U.S. government debt prices fell on Thursday, as surprisingly strong data on the housing market raised hopes of the U.S. economy accelerating and spurred investors to favor stocks and growth-oriented assets over low-risk bonds.
News about the Bank of Japan pursuing a program of open-ended asset purchases to help its economy, similar to the one the Federal Reserve has implemented, limited the drop in Treasurys prices.
Benchmark Treasury yields rose for the first time in five sessions after hitting their lowest levels in two weeks on Wednesday on worries about a protracted fight over raising the $16.4 trillion federal debt limit.
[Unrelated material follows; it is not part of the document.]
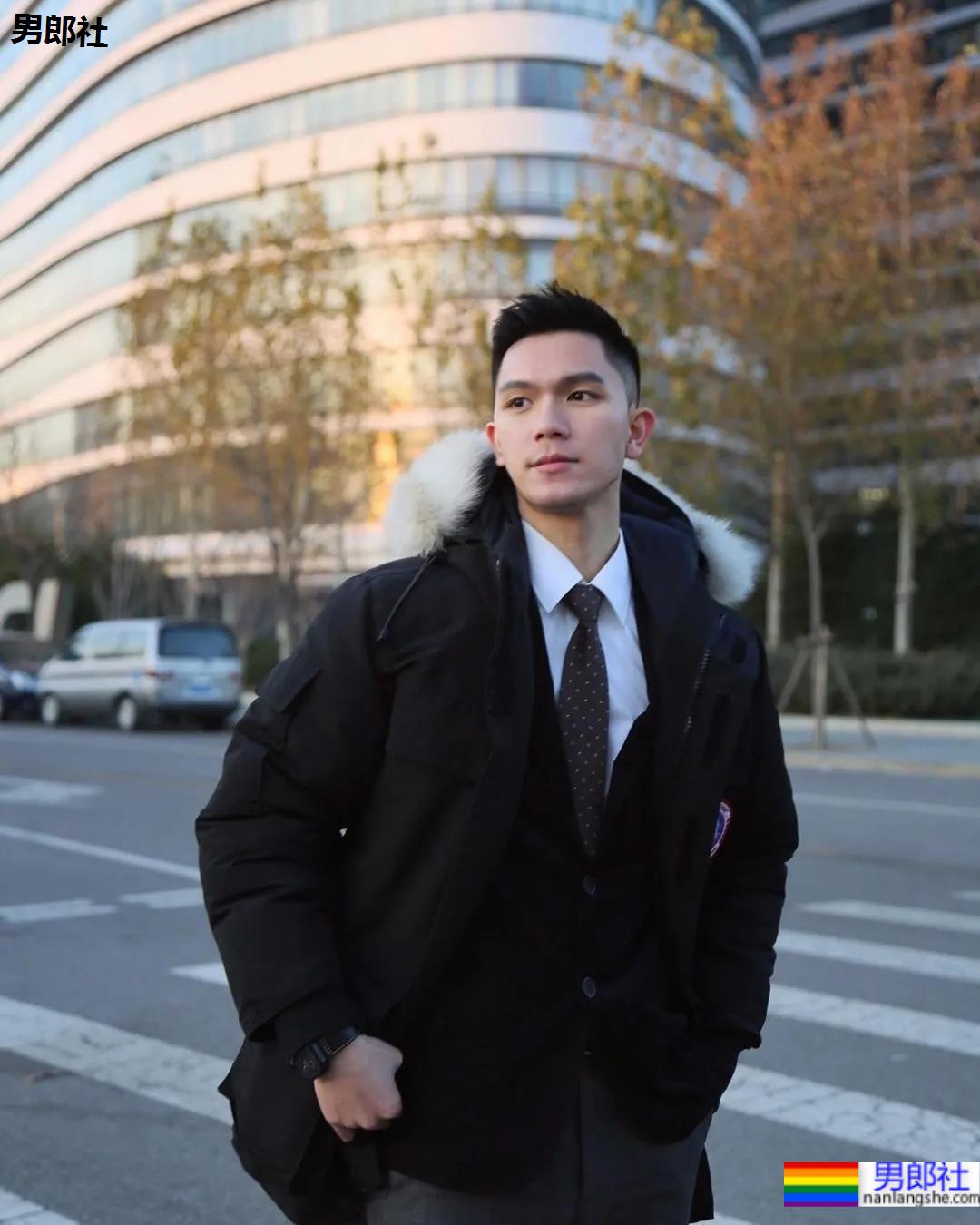 楼梯间自拍的正装小哥,拔掉这衬衫后这长腿发育太好了!-51虹马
Earlier this month, they rose near 2 percent, an eight-month high.
"The market is finding it hard to ignore the better economic data and today we had the housing starts numbers,'' said Robert Tipp, chief investment strategist at Prudential Fixed Income in Newark, New Jersey.
The U.S. Commerce Department said home builders broke ground at an annualized rate of 954,000 units in December, which was the fastest monthly pace in four years.
Government data also showed the number of Americans filing new claims for unemployment benefits fell to a five-year low last week, but the Labor Department said the drop stemmed largely from seasonal factors, not dramatic improvement in the jobs market.
Traders brushed off a disappointing report on U.S. Mid-Atlantic business activities from the Philadelphia Federal Reserve.
Still the encouraging housing data were the catalyst for some investors to shift money into stocks from Treasuries in an effort to achieve higher returns, analysts and traders said.
"We are seeing some rotation out of fixed income into equities,'' said Larry Milstein, head of government and agency trading with R.W. Pressprich & Co. in New York.
Benchmark 10-year notes last fell 16/32 in price with their yield rising to 1.881 percent. The 30-year bond dropped 30/32. The 30-year yield rose from late Wednesday to 3.062 percent.
On Wall Street, the Standard & Poor's 500 index was up 0.8 percent on the unexpectedly large rise in housing starts and better-than-expected results from online marketplace eBay.